本文档是使用 kube-prometheus-stack[release-0.6] 来监控 kubernetes1.18.20,具体兼容性可以看这里:https://github.com/prometheus-operator/kube-prometheus/tree/release-0.6#kubernetes-compatibility-matrix
1 概述
1.1 在 k8s 中部署 Prometheus
监控的方法
通常在 k8s
中部署 prometheus
监控可以采用的方法有下面三种:
- 通过自定义yaml手动部署
- 通过 operator 部署
- 通过 helm chart 部署
1.2 什么是 Prometheus Operator
Prometheus Operator
的本职就是一组用户自定义的 CRD
资源以及 Controller
的实现,Prometheus Operator
负责监听这些自定义资源的变化,并且根据这些资源的定义自动化的完成如 Prometheus Server
自身以及配置的自动化管理工作。以下是 Prometheus Operator
的架构图。
1.3 我们为什么使用 Prometheus Operator?
由于 Prometheus
本身没有提供管理配置的 API
接口(尤其是管理监控目标和管理警报规则),也没有提供好用的多实例管理手段,因此这一块往往要自己写一写代码或者脚本。为了简化这类应用程序的管理复杂度,CoreOS
公司率先引入了 Operator
的概念,并切首先推出了针对在 kubernetes
下运行和管理 Etcd
的 Eted Operator
。

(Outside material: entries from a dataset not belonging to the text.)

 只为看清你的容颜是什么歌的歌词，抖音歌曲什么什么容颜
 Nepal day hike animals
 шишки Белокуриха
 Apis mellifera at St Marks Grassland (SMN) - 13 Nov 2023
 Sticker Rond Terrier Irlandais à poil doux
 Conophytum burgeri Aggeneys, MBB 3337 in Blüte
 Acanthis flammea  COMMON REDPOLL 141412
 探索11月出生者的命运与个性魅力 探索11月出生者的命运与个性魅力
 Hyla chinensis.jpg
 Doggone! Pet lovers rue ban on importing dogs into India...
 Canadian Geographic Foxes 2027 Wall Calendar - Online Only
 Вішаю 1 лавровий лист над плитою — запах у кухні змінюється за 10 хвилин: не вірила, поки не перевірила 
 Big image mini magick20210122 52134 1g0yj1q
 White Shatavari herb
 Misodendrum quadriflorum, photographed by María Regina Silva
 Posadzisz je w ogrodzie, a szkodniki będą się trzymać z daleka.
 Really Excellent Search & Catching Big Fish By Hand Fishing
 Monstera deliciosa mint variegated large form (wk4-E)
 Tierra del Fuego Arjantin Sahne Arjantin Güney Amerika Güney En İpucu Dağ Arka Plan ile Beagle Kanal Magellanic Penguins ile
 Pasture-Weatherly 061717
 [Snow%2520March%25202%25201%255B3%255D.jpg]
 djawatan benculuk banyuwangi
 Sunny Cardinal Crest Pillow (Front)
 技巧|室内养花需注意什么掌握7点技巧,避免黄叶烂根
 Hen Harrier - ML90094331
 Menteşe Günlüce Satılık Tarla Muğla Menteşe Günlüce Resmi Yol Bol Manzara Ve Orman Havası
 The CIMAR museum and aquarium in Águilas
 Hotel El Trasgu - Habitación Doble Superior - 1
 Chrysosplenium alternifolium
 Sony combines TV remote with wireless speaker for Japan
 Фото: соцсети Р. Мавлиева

并随后推出了 Prometheus Operator
。
1.4 kube-prometheus 项目介绍
prometheus-operator官方地址:https://github.com/prometheus-operator/prometheus-operator
kube-prometheus官方地址:https://github.com/prometheus-operator/kube-prometheus
两个项目的关系:前者只包含了Prometheus Operator,后者既包含了Operator,又包含了Prometheus相关组件的部署及常用的Prometheus自定义监控,具体包含下面的组件
- The Prometheus Operator:创建CRD自定义的资源对象
- Highly available Prometheus:创建高可用的Prometheus
- Highly available Alertmanager:创建高可用的告警组件
- Prometheus node-exporter:创建主机的监控组件
- Prometheus Adapter for Kubernetes Metrics APIs:创建自定义监控的指标工具(例如可以通过nginx的request来进行应用的自动伸缩)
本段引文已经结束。